Annie’s work has a similar intent. She turns lackluster spaces into livable rooms that not only meet the needs of her clients, but, much like good hotel service, are thoughtful and intuitive. She works so closely with her clients that the relationship they develop often turns from professional into personal. “I’ve probably become friends with 95 percent of my clients,” says the designer, who went out on her own almost a decade ago. “We’re on speed dial.” Her interior spaces—which might feature a pair of sky blue velvet slipper chairs with braided trim framing a fireplace, or a plush tufted headboard centered against Moroccan-inspired wallpaper—are elegant, sophisticated, and timeless. “It makes me happy to see something transformed from what it was to what it can be,” she says. “I like a neutral room with pops of color, so that in five years, you can change that pop and get a whole different look.”

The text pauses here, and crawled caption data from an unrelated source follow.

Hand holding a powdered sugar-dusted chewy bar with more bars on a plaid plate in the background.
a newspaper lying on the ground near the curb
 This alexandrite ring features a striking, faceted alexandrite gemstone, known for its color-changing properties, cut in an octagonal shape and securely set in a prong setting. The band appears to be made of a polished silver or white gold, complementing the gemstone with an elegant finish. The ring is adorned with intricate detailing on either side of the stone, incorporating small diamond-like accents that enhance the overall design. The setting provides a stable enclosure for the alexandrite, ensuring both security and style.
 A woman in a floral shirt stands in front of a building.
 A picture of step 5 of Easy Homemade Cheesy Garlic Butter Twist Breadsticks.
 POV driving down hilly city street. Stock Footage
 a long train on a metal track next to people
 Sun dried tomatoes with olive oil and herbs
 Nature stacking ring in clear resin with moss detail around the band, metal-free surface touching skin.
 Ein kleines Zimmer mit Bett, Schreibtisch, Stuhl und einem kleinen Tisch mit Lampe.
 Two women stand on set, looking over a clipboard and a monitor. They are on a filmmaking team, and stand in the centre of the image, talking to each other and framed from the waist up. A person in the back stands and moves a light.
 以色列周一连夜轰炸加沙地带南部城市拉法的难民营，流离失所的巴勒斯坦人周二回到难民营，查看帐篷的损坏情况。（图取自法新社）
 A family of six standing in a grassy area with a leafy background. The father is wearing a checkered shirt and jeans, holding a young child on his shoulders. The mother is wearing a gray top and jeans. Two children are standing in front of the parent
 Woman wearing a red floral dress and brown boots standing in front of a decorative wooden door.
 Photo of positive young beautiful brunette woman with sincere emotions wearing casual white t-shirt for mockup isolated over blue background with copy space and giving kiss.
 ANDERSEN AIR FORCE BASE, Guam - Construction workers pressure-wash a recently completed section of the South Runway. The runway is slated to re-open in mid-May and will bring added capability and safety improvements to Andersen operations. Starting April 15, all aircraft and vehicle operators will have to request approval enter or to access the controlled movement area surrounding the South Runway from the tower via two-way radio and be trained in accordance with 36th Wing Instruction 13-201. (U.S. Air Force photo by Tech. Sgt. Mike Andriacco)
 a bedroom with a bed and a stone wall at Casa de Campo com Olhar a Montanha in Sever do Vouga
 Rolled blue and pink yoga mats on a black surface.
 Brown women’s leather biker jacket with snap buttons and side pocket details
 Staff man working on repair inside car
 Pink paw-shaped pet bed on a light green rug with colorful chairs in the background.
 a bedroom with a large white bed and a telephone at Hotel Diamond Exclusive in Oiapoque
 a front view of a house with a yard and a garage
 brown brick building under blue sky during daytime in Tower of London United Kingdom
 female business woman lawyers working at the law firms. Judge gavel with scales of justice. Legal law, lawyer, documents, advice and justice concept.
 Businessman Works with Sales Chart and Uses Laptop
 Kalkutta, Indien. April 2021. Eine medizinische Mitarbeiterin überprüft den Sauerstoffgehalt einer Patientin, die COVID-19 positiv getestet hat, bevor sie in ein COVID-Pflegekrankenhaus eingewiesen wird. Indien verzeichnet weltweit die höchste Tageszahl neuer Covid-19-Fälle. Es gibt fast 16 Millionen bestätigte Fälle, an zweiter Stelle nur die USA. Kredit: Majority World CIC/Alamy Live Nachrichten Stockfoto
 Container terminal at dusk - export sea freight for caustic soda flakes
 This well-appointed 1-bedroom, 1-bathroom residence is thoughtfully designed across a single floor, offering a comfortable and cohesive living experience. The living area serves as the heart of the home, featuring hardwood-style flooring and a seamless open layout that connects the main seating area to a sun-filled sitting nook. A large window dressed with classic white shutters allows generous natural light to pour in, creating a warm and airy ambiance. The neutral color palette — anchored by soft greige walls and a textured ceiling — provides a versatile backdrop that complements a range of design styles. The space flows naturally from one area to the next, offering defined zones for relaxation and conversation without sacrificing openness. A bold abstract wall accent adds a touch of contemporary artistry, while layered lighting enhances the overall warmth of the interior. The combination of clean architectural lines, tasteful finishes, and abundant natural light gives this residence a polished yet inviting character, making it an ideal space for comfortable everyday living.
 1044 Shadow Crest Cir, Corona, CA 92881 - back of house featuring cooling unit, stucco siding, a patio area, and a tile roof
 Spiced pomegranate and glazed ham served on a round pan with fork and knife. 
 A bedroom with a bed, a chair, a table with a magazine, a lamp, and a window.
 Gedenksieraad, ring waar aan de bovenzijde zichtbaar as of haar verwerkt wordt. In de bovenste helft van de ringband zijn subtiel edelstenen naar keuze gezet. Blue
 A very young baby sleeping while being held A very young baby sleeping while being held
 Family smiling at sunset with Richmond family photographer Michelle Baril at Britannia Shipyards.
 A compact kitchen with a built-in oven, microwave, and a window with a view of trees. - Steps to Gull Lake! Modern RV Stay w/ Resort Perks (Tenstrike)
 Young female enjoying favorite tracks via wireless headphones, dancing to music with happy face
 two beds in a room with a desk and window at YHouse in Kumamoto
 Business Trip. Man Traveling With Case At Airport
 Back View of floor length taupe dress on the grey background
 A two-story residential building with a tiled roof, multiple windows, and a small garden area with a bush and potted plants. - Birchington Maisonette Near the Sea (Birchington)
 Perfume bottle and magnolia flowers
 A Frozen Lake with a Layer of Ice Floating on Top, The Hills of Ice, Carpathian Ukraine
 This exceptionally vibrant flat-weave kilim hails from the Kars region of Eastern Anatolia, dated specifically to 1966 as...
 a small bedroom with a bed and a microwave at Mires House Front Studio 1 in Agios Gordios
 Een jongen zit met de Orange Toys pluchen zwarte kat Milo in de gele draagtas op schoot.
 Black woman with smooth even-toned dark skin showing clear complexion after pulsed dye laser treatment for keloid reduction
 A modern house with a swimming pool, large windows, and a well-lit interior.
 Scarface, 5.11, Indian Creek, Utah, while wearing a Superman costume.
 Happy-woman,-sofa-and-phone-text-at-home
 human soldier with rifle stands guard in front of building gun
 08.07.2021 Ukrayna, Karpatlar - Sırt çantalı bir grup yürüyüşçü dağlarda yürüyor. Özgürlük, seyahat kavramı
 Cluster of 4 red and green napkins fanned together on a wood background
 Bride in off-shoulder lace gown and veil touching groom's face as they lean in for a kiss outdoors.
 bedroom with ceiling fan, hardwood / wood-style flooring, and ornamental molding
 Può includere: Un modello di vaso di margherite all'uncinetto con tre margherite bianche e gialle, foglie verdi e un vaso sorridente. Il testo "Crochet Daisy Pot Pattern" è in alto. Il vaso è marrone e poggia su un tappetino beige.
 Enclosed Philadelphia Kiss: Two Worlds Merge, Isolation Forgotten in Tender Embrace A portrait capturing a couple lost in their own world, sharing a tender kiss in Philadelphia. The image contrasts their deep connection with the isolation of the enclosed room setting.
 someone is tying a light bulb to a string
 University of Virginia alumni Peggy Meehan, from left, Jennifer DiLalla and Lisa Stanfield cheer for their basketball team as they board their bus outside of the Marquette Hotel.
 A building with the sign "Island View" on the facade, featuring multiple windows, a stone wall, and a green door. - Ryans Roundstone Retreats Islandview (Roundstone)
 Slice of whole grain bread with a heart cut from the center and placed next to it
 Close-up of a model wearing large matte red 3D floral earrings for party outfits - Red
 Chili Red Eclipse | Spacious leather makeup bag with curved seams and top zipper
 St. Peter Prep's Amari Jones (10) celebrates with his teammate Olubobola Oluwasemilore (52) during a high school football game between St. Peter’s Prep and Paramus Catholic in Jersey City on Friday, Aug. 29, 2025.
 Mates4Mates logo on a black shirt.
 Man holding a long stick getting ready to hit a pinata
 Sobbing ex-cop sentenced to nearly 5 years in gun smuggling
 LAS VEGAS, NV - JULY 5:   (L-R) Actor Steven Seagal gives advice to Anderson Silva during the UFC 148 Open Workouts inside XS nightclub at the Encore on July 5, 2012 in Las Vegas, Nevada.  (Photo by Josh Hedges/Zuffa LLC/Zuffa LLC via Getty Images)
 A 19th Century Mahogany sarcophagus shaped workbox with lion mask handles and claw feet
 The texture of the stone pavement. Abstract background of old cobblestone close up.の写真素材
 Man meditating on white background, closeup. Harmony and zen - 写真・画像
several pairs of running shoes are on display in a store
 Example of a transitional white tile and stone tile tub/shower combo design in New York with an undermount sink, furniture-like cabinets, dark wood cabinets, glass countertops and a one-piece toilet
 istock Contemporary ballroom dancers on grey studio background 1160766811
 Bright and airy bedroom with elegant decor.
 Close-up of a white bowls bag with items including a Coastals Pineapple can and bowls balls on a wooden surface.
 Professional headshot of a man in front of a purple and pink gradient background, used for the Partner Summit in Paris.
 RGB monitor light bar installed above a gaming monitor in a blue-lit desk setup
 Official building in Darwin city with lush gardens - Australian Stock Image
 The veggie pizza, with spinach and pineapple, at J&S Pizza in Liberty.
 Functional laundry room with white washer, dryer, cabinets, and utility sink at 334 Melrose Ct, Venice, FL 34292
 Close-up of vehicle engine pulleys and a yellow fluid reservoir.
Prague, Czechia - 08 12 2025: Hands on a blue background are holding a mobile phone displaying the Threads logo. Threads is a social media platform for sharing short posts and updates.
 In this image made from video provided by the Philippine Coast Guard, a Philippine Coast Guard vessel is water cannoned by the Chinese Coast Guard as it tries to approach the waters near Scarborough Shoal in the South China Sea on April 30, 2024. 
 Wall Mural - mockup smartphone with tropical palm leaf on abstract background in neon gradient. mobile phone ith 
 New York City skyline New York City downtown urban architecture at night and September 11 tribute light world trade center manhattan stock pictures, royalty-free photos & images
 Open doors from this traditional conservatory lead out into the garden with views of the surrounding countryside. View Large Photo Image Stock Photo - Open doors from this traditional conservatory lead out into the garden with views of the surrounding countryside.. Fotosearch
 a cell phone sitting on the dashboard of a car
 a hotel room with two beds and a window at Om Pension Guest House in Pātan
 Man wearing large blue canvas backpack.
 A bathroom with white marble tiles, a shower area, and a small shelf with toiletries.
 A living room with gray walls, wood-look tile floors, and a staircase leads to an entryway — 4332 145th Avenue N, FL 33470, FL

Her fashion style is similar, but pared down. “I wear a lot of black,” says the designer, whose fashion background includes ten years spent at Guess clothing. “Black pants and a nice jacket. I’m low-key in my dress. I like nice clothes, but simple.” Gerard wears suits to work, but is more casual when he’s spending the day on Great Diamond Island. Then it’s nice pants and polo shirts. “He’s always very classic,” says Annie.
On their table, the French press sits empty except for the tea leaves stamped to the bottom. Both Annie and Gerard have busy afternoons ahead of them—she’s expecting a visit from Distinctive Tile and Design’s Larry Stoddard, and he has a meeting—but they’re ever the gracious hosts. “Have dessert before you
leave,” Gerard insists, motioning at the plate of untouched cookies. Before there’s even a chance for polite protest, Annie holds out a small plate of extras for me to take home.